Tuesday, 15 June 2010

The Chemistry of Imponderable Substances

~~An Extract~~

7. Theories concerning the Nature of Heat.

Two theories concerning the nature of heat have been most prevalent amongst philosophers. 1. It has been supposed to be a peculiar ethereal fluid. 2. It has been conjectured to be a property of common matter; a specific motion of the particles of bodies.

The arguments in favour of the first of these theories, have been chiefly deduced from the phænomena {391} of latent heat, of radiant heat, and of change of capacity; whilst the last of them has been supported by experiments on the excitation of heat by friction, in cases in which there existed no perceptible source, from which, considered as a substance, it could possible be derived.

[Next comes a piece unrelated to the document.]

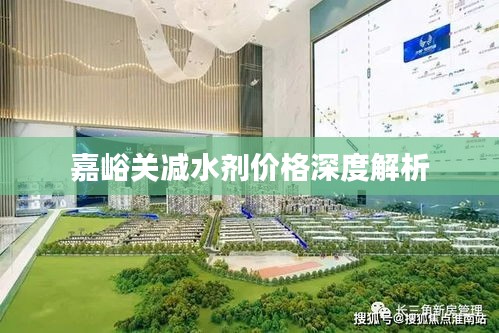嘉峪关减水剂价格深度解析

The late experiments of Dr. Herschel have demonstrated, that radiant heat must be constituted by the motions of a peculiar substance. And these motions may be conceived to be either rectilinear projections, or undulations.

It has been lately supposed that they are undulations. And on this theory it has been assumed, 1. That an elastic ethereal medium exists in space. 2. That this medium is diffused through the pores of different ponderable substances, in different states of density. 3. That radiant heat is constituted by particular undulations of it, when in a free state. 4. The sensible heat is occasioned by particular undulations of it, in its states of diffusion through the pores of ponderable substances. 5. That certain peculiar vibratory motions of the particles of ponderable substances are capable of producing the undulations in the ethereal medium which constitute heat. 6. And reciprocally that those undulatory motions of the ethereal medium are capable of producing peculiar vibrations of the particles of ponderable substances.

These propositions are evidently countenanced by the experiments of Count Rumford and Professor Pictet, on the heat produced by friction. They are rendered more conclusive by the analogy between the laws of the motions of radiant heat, and those of sound. And they, in some measure, reconcile the two different theories.

~~Extracts from A Syllabus of a Course of Lectures on Chemistry, delivered at the Royal Institution of Great Britain

The Collected Works of Sir Humphry Davy, ed. John Davy (London: Smith, Elder and Co., 1839), II, 386-409.